Les effets sanitaires des pollutions olfactives sont à la fois physiologiques et psychologiques et dépendent des molécules odorantes présentes : composés soufrés, azotés (ammoniac, scatole…), carbonylés (cuisson des graisses), acides gras volatils, alcools et phénols.
Pour détecter les odeurs dans un environnement industriel, des relevés font appel à des riverains exposés à la nuisance, formés à la reconnaissance des odeurs et souhaitant participer à l'amélioration de leur cadre de vie. Les olfactions régulières matin, soir et à tout moment de la journée assurent un suivi continu de la pollution olfactive au niveau des habitations. Cette surveillance olfactive peut être confrontée à des mesures et corroborée aux actions mises en place par les gestions des sites polluants.
Dans l'aménagement urbain, l'environnement olfactif se résume trop souvent à la gestion de mauvaises odeurs plutôt qu'à la mise en valeur d'odeurs plaisantes. Au Japon, une centaine de sites ont été déclarés et protégés pour leur "bon parfum".
Deux universitaires de Cambridge et de Turin ont créé un dictionnaire des odeurs urbaines pour cartographier les odeurs de villes entières selon dix catégories principales représentées dans la roue ci-contre.
GOÛTER les saveurs des villes-jardins
Lorsqu'on aborde les sens et l'urbain, tous sont considérés sauf un : le goût. Peut-être parce qu'il est trop physiologiquement lié au système olfactif. En effet, l'identification gustative d'une substance s'effectue par l'olfaction qui capte les arômes et les odeurs, par le goût dont les récepteurs situés essentiellement sur la langue, ne détectent que quatre saveurs : sucré, salé, acide, amer et par la sensibilité somesthésique générale qui ressent le frais, le piquant, le pétillant ou la texture.

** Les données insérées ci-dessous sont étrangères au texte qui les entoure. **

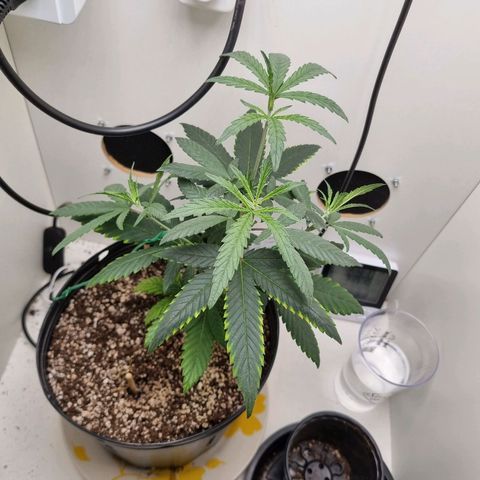Mary - Og kush - Santa Semente BR growlog timeline photo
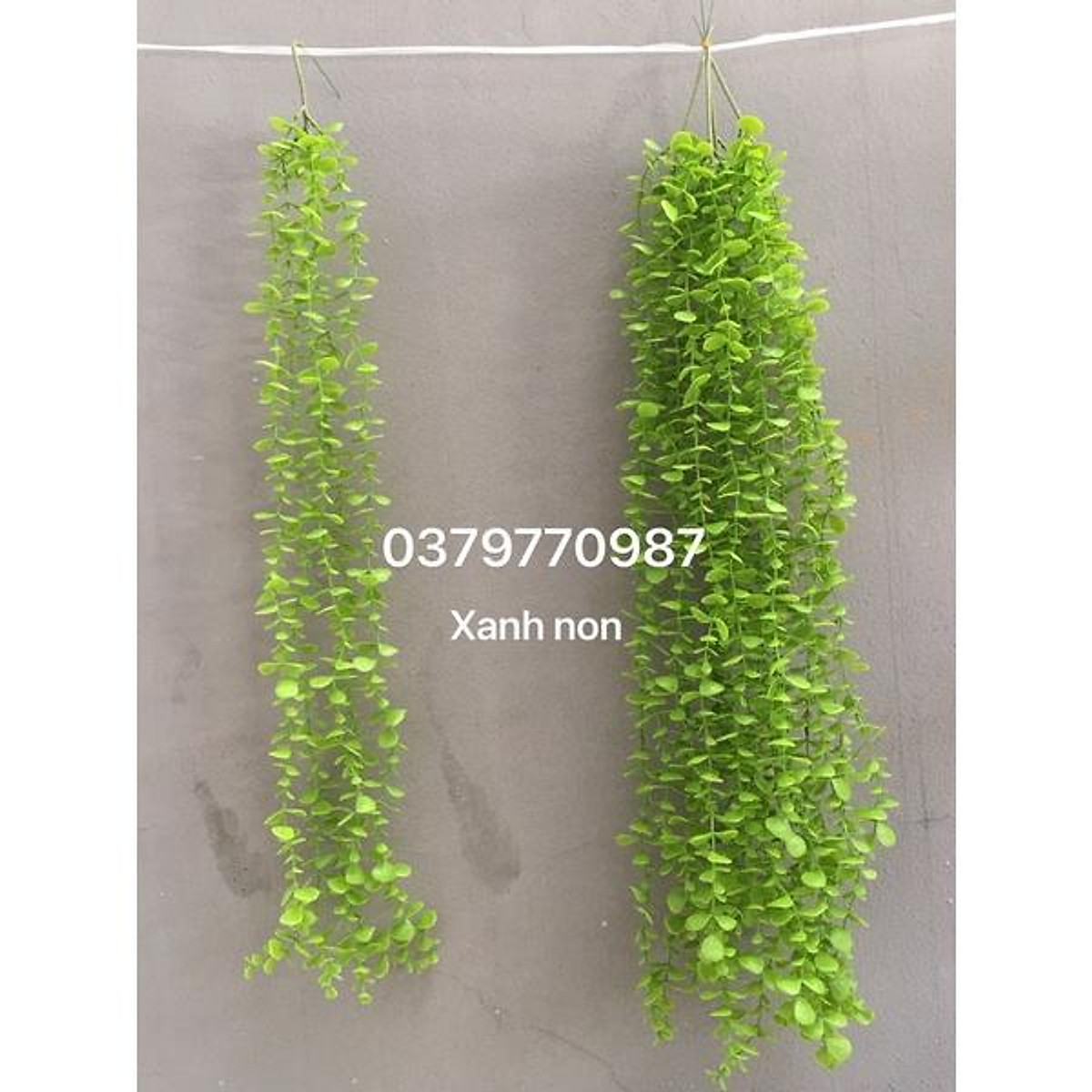 Dây leo giả cúc tần ấn độ Lá To dài 1m2- Cây giả - Hoa trang trí Dây Leo Giả Cúc Tần Ấn Độ Lá To Dài 1M2- Cây Giả - Hoa Trang Trí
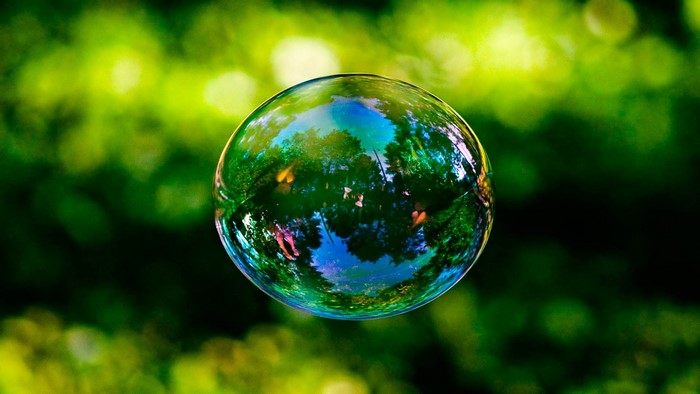 Bubble reflecting trees and sky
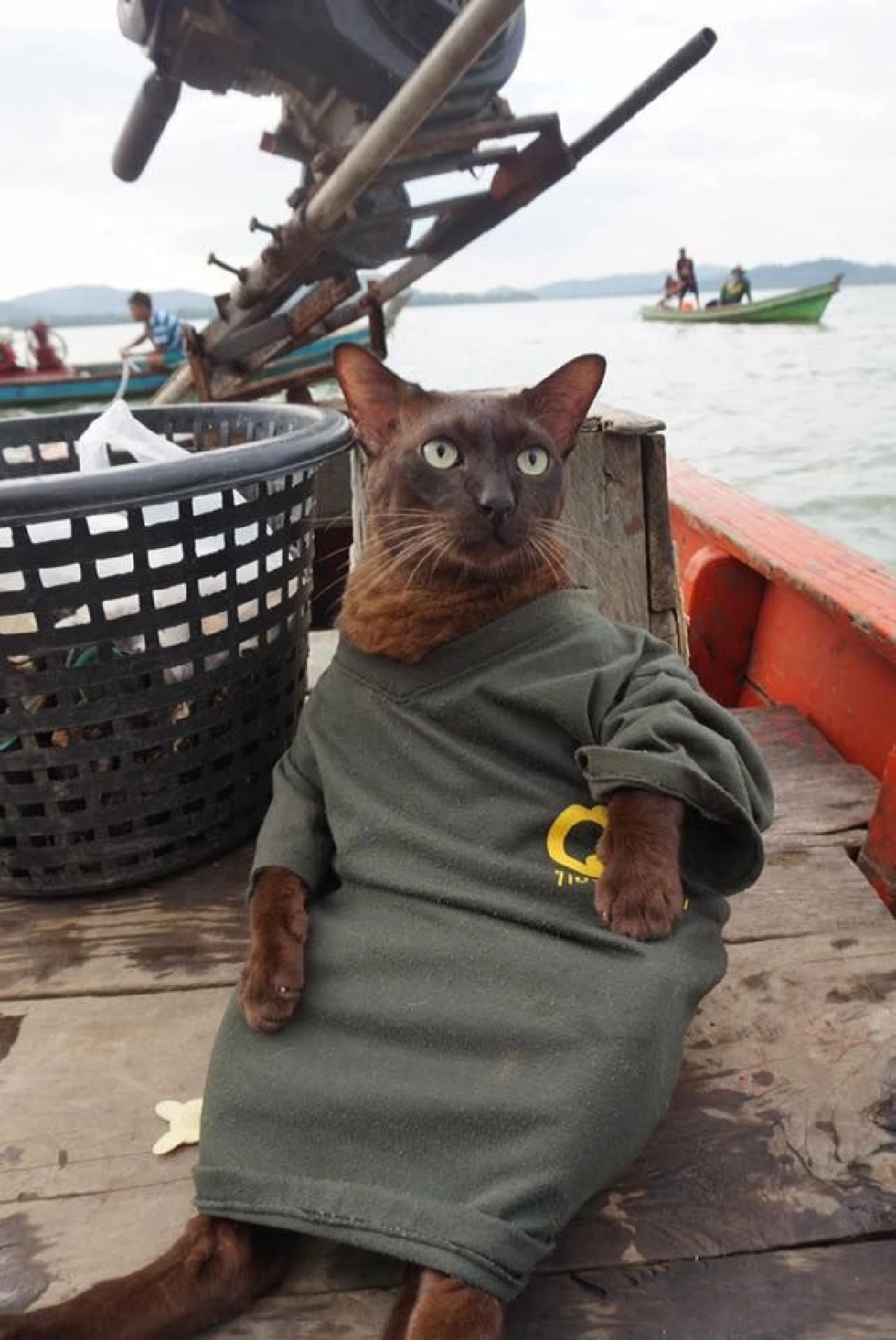 ดีขึ้น "จอนนี่แมวศุภลักษณ์" กระพริบตาบอกไหวสู้กันต่อไปโยมพ่อแม่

Les rapports de la ville et du goût ont ainsi fait l'objet de peu de recherches. Jean-Pierre Lemasson de l'Université du Québec à Montréal a exploré trois pistes de réflexion. La première s’interroge principalement sur la manière dont les villes, pour des raisons historiques, géographiques et culturelles, ont développé des « savoriels » propres c’est-à-dire des systèmes de saveurs uniques qui seraient en quelque sorte leur signature. La seconde piste, en fondant l'analyse sur Montréal, tente de montrer en quoi l’amour de la bonne chère a des effets réels sur l’aménagement du temps et de l’espace urbains (rénovation et agrandissement des marchés publics permanents, multiplication des marchés temporaires, reconfiguration des rues accueillant les magasins d'alimentation fine, etc.). Enfin, dans une perspective prospective, on peut entrevoir un accroissement des relations entre la ville et le goût, notamment à travers le développement de circuits gourmands, l’affirmation de villes-jardins comme nouveaux centres de production de nourriture et la création de nouvelles institutions consacrées au goût.
Végétaliser la ville, tous les bienfaits de la nature sans les risques
TOUCHER les sols de la ville
Dans notre culture occidentale, le toucher, premier sens développé chez l'homme, ne jouit pas de la même attention que la vue et l'ouïe, considérés comme des sens nobles, des sens sociaux qui permettent de communiquer à distance.
Les cités sont conçues sur des bases fonctionnelles et esthétiques qui privilégient principalement le visuel, négligeant bien souvent les autres sens. Non seulement cela handicape les personnes aveugles et malvoyantes, mais cela constitue aussi une approche réductrice de la perception de l'environnement par l'ensemble de ceux qui se déplacent en ville.
S'il est habituel de penser qu'on touche avec les mains, l'organe sensoriel du toucher est la peau et ses 2 m2. Les pieds qui nous mettent en contact avec le sol joue un rôle très important dans la perception du mouvement et le contrôle postural. La plante du pied informe le cerveau sur la nature du sol, son degré de pente, sur sa nature plus ou moins glissante, sa température, etc..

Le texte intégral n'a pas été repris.